#### Work task
Everything in the listing below should be written out again exactly, except the pictures.

#### Information provided
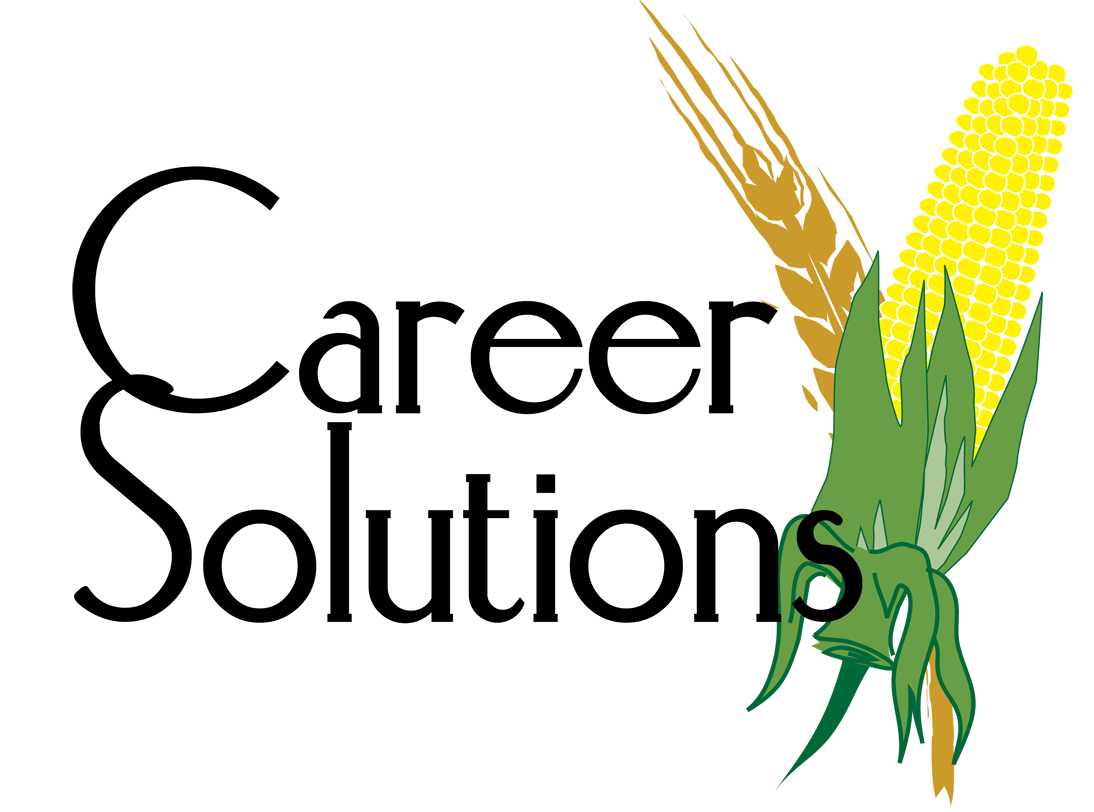 Career Solutions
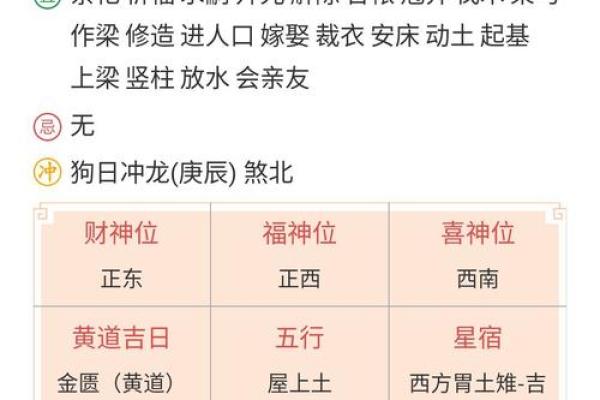 八字大运地支天喜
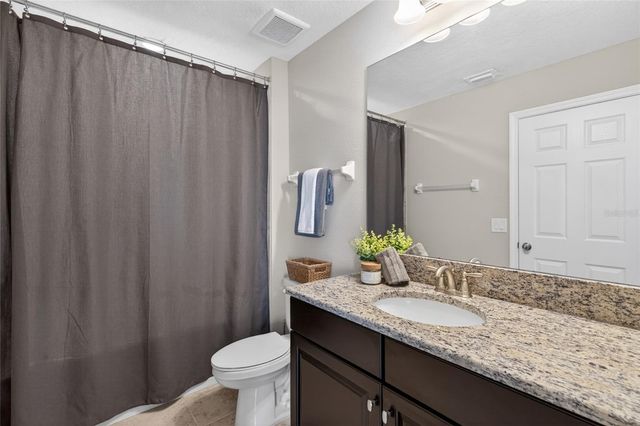 18428 MALINCHE LOOP, Spring Hill, FL 34610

#### Exercise answer
 Career Solutions
 八字大运地支天喜
 18428 MALINCHE LOOP, Spring Hill, FL 34610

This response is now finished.